At the end of an episode, I need to be able to adjust all the rewards for the episode in the ReplayMemory while keeping the other elements of the namedtuple as they are.
For example, if I have the following code:
from collections import namedtuple
import torch
Transition = namedtuple('Transition',
('state', 'action', 'next_state', 'reward'))
reward1 = torch.tensor([2.0], dtype=torch.float32)
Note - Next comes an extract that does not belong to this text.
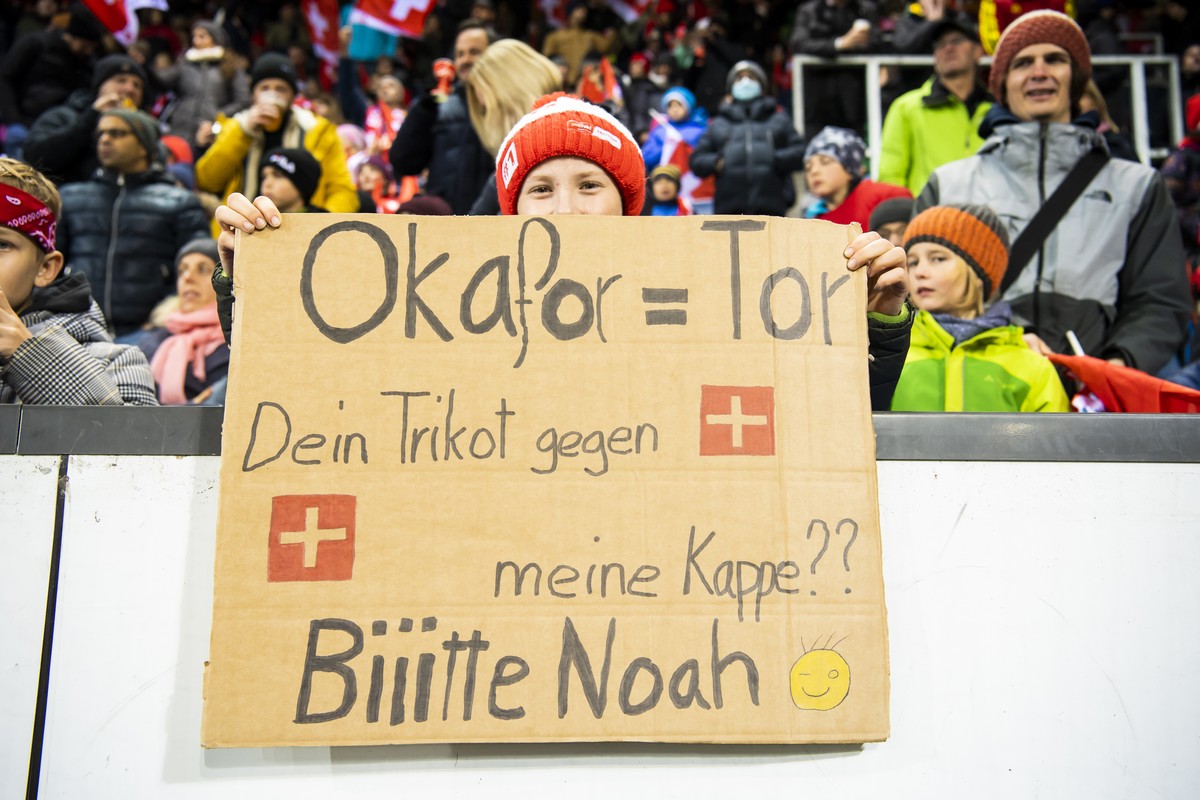 A young boy shows a sign where he asks for the jersey of Switzerland's forward Noah Okafor during the 2022 FIFA World Cup European Qualifying Group C match between Switzerland and Bulgaria at the ...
reward2 = torch.tensor([4.0], dtype=torch.float32)
memory = []
memory.append(None)
memory[0] = Transition('275', '54000', '0.0', reward1)
memory.append(None)
memory[1] = Transition('275', '54000', '0.0', reward2)
memory
I create the following memory:
[Transition(state='275', action='54000', next_state='0.0', reward=tensor([2.])),
Transition(state='275', action='54000', next_state='0.0', reward=tensor([4.]))]
Then I create my batch:
batch = Transition(*zip(*memory))
batch
which looks like this:
Transition(state=('275', '275'), action=('54000', '54000'), next_state=('0.0', '0.0'), reward=(tensor([2.]), tensor([4.])))
And from here, I can extract just the reward batch
reward_batch = torch.cat(batch.reward)
reward_batch
which looks like this:
tensor([2., 4.])
I can now adjust the rewards, e.g. like this:
adjustment = 5.0
reward_batch += adjustment
reward_batch
>>>tensor([7., 9.])
So, my questions is: how do I re-insert the adjusted reward_batch back into the namedtuple of the ReplayMemory so that it will look like this:
[Transition(state='275', action='54000', next_state='0.0', reward=tensor([7.])),
Transition(state='275', action='54000', next_state='0.0', reward=tensor([9.]))]
Thank you in advance for any help.